[[ Dataset records open ]]

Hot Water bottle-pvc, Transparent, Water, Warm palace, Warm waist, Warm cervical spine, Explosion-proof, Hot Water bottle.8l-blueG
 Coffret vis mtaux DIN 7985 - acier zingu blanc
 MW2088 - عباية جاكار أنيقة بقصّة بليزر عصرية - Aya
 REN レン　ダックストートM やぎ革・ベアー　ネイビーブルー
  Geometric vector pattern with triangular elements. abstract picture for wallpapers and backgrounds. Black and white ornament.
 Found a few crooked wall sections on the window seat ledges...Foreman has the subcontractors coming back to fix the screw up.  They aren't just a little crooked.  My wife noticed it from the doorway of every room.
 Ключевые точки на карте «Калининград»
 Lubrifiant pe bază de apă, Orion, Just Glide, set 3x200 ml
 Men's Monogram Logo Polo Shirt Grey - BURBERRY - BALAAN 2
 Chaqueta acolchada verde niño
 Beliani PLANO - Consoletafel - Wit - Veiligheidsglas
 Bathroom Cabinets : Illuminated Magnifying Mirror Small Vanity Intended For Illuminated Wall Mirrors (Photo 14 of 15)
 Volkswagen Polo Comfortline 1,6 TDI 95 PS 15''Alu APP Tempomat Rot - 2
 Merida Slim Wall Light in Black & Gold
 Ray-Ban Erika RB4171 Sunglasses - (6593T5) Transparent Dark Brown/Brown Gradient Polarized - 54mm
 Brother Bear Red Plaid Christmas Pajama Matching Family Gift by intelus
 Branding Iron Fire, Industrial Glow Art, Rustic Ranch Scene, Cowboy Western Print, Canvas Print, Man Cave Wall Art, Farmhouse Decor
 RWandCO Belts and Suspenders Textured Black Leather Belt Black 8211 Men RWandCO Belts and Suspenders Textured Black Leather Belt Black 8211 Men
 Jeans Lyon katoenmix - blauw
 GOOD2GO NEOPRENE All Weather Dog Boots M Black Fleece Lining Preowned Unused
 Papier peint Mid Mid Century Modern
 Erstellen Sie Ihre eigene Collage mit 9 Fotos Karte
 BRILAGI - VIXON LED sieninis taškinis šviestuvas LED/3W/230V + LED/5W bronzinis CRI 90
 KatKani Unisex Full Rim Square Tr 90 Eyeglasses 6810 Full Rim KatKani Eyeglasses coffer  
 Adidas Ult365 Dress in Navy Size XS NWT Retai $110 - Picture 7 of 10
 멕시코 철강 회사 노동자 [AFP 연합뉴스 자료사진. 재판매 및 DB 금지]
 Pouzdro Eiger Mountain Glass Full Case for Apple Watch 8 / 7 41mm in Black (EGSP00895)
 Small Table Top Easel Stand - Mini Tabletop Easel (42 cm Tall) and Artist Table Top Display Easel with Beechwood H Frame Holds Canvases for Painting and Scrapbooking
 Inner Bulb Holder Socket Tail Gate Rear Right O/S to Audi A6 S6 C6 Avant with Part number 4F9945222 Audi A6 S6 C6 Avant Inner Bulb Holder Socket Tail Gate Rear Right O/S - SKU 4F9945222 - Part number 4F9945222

[[ Dataset records closed ]]

__Assignment__
Your answer must be the complete data, repeated word for word.

__Output of the task__
Hot Water bottle-pvc, Transparent, Water, Warm palace, Warm waist, Warm cervical spine, Explosion-proof, Hot Water bottle.8l-blueG
 Coffret vis mtaux DIN 7985 - acier zingu blanc
 MW2088 - عباية جاكار أنيقة بقصّة بليزر عصرية - Aya
 REN レン　ダックストートM やぎ革・ベアー　ネイビーブルー
  Geometric vector pattern with triangular elements. abstract picture for wallpapers and backgrounds. Black and white ornament.
 Found a few crooked wall sections on the window seat ledges...Foreman has the subcontractors coming back to fix the screw up.  They aren't just a little crooked.  My wife noticed it from the doorway of every room.
 Ключевые точки на карте «Калининград»
 Lubrifiant pe bază de apă, Orion, Just Glide, set 3x200 ml
 Men's Monogram Logo Polo Shirt Grey - BURBERRY - BALAAN 2
 Chaqueta acolchada verde niño
 Beliani PLANO - Consoletafel - Wit - Veiligheidsglas
 Bathroom Cabinets : Illuminated Magnifying Mirror Small Vanity Intended For Illuminated Wall Mirrors (Photo 14 of 15)
 Volkswagen Polo Comfortline 1,6 TDI 95 PS 15''Alu APP Tempomat Rot - 2
 Merida Slim Wall Light in Black & Gold
 Ray-Ban Erika RB4171 Sunglasses - (6593T5) Transparent Dark Brown/Brown Gradient Polarized - 54mm
 Brother Bear Red Plaid Christmas Pajama Matching Family Gift by intelus
 Branding Iron Fire, Industrial Glow Art, Rustic Ranch Scene, Cowboy Western Print, Canvas Print, Man Cave Wall Art, Farmhouse Decor
 RWandCO Belts and Suspenders Textured Black Leather Belt Black 8211 Men RWandCO Belts and Suspenders Textured Black Leather Belt Black 8211 Men
 Jeans Lyon katoenmix - blauw
 GOOD2GO NEOPRENE All Weather Dog Boots M Black Fleece Lining Preowned Unused
 Papier peint Mid Mid Century Modern
 Erstellen Sie Ihre eigene Collage mit 9 Fotos Karte
 BRILAGI - VIXON LED sieninis taškinis šviestuvas LED/3W/230V + LED/5W bronzinis CRI 90
 KatKani Unisex Full Rim Square Tr 90 Eyeglasses 6810 Full Rim KatKani Eyeglasses coffer  
 Adidas Ult365 Dress in Navy Size XS NWT Retai $110 - Picture 7 of 10
 멕시코 철강 회사 노동자 [AFP 연합뉴스 자료사진. 재판매 및 DB 금지]
 Pouzdro Eiger Mountain Glass Full Case for Apple Watch 8 / 7 41mm in Black (EGSP00895)
 Small Table Top Easel Stand - Mini Tabletop Easel (42 cm Tall) and Artist Table Top Display Easel with Beechwood H Frame Holds Canvases for Painting and Scrapbooking
 Inner Bulb Holder Socket Tail Gate Rear Right O/S to Audi A6 S6 C6 Avant with Part number 4F9945222 Audi A6 S6 C6 Avant Inner Bulb Holder Socket Tail Gate Rear Right O/S - SKU 4F9945222 - Part number 4F9945222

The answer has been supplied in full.